[What you will do] From the listing that follows, reproduce only the lines from the one holding "Nike Air Barrage" through the one holding "ARCHIV - Sicherte", both included, with no pictures.

[Task data]
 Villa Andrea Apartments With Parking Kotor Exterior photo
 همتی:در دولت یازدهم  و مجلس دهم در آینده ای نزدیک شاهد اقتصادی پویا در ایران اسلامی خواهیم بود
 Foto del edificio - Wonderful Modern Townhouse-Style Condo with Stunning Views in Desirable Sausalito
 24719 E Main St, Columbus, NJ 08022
---
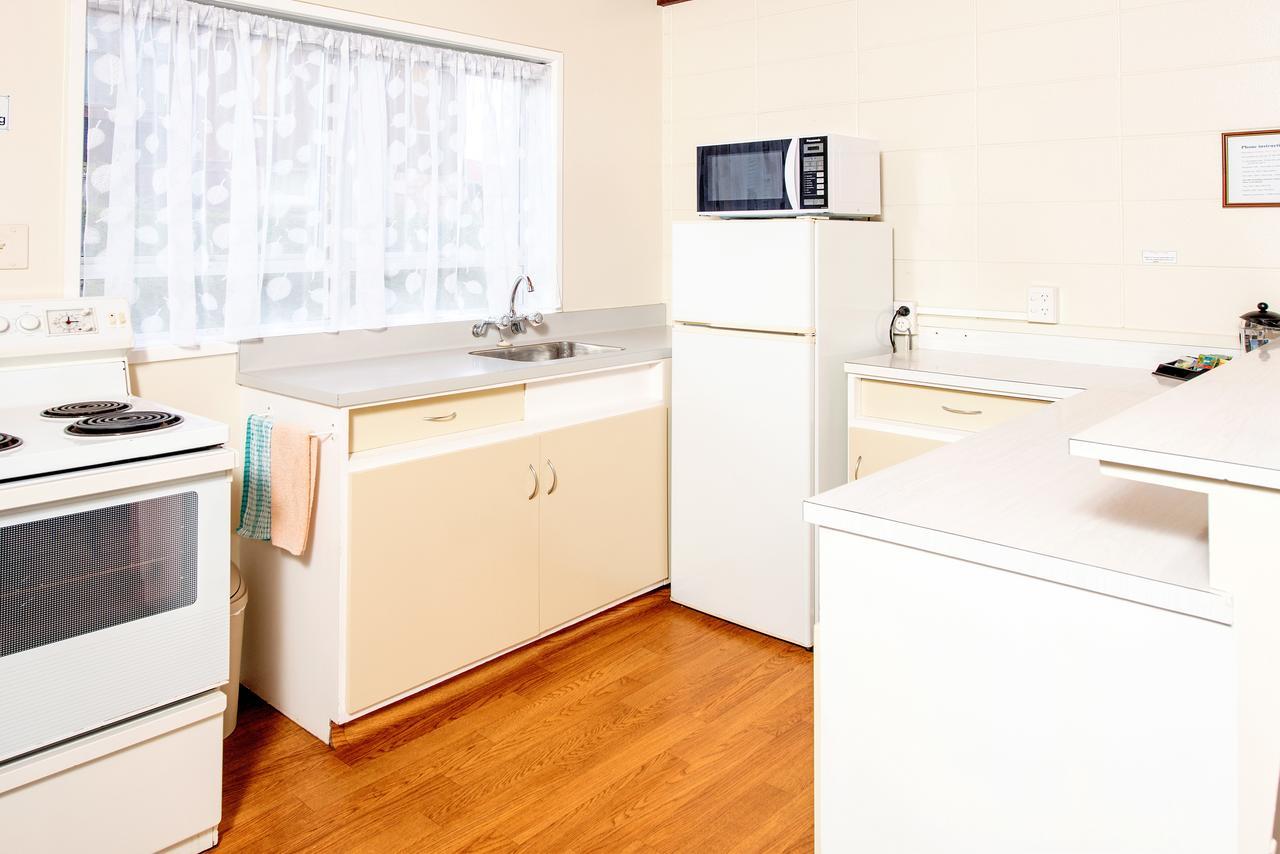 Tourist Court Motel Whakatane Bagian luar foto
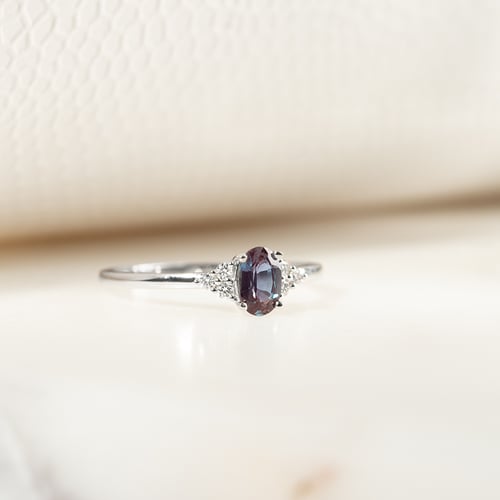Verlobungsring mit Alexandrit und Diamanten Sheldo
==
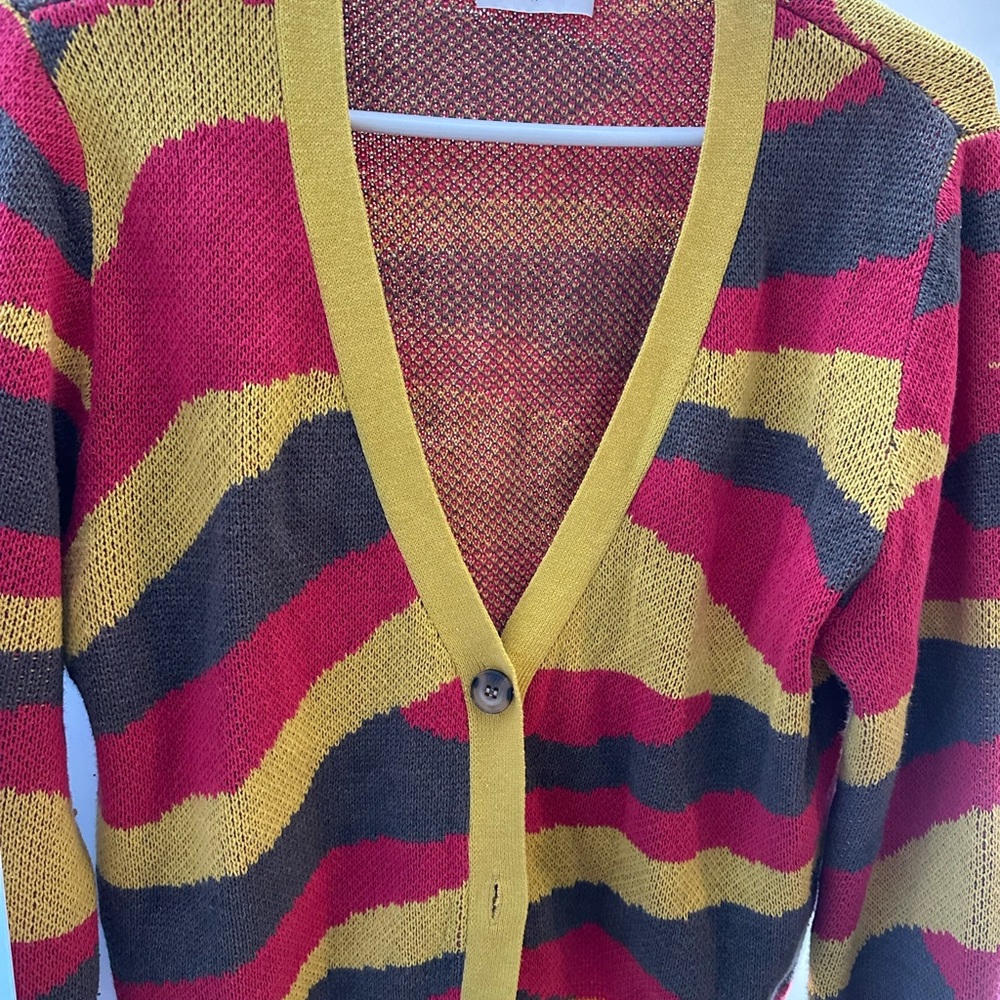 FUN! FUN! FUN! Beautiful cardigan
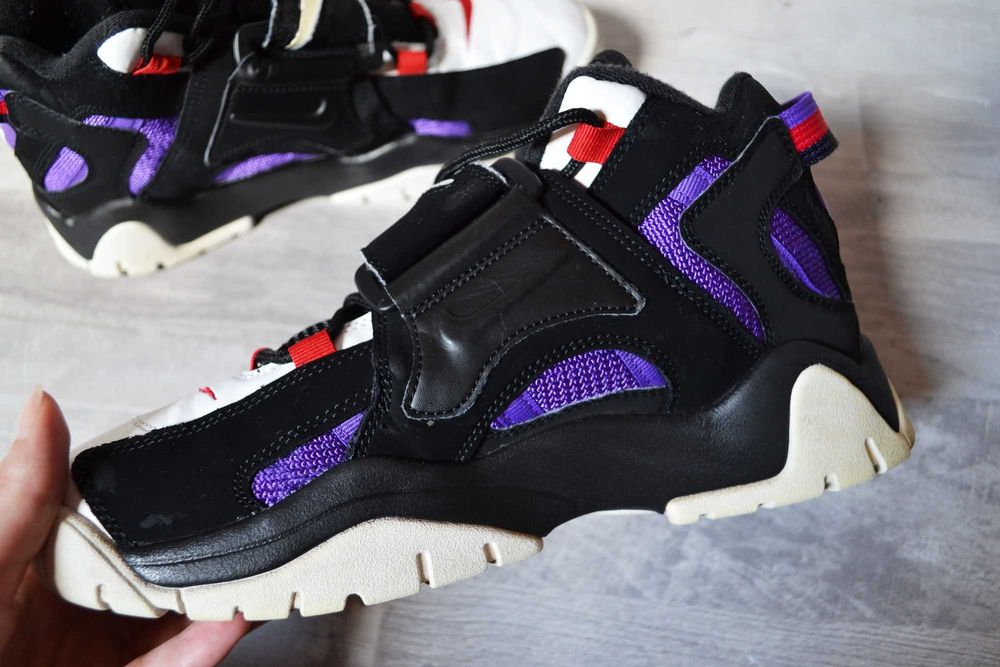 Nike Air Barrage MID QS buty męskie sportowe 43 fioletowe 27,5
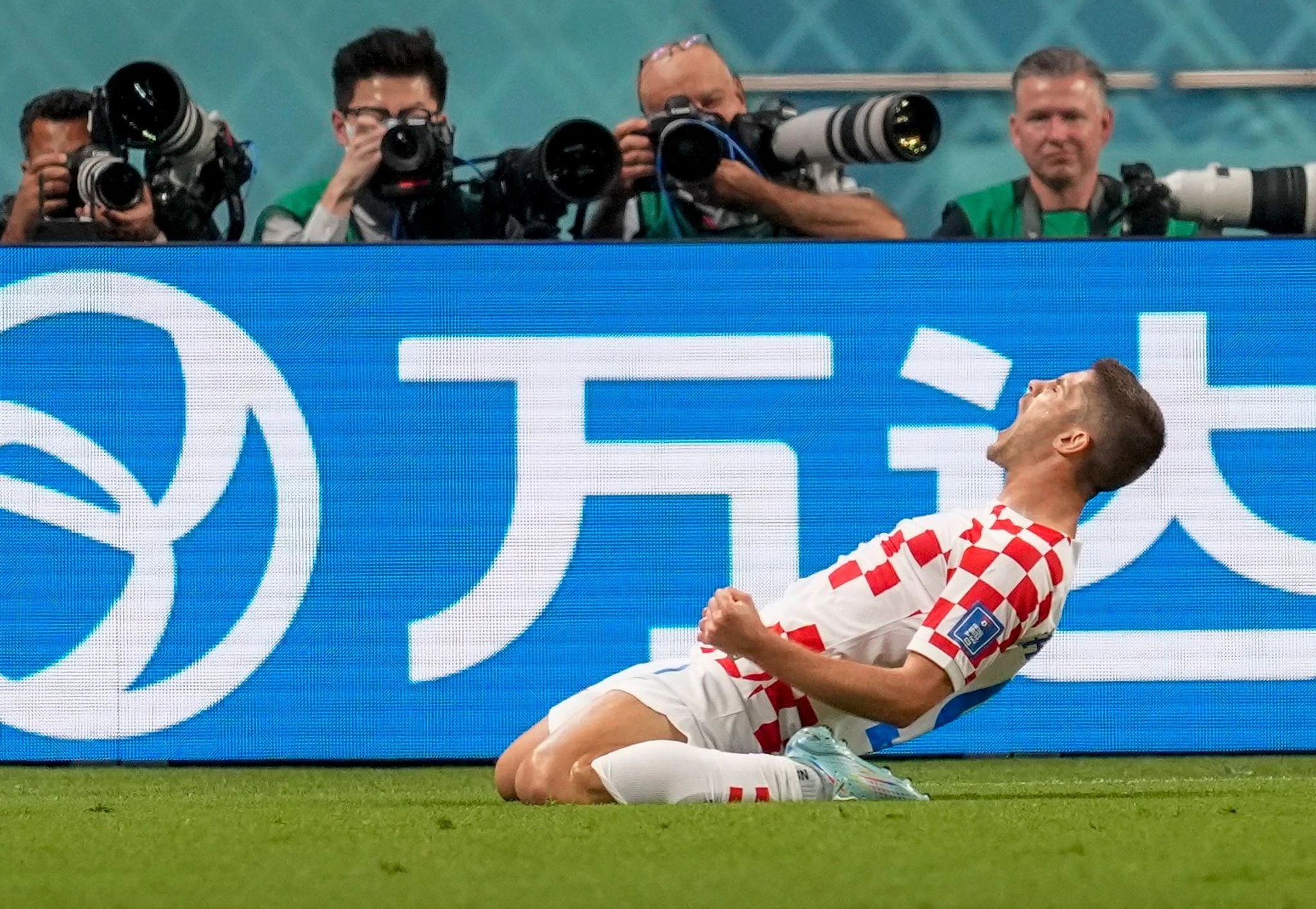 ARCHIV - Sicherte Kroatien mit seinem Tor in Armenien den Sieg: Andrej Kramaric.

[Completed task]
 Nike Air Barrage MID QS buty męskie sportowe 43 fioletowe 27,5
 ARCHIV - Sicherte Kroatien mit seinem Tor in Armenien den Sieg: Andrej Kramaric.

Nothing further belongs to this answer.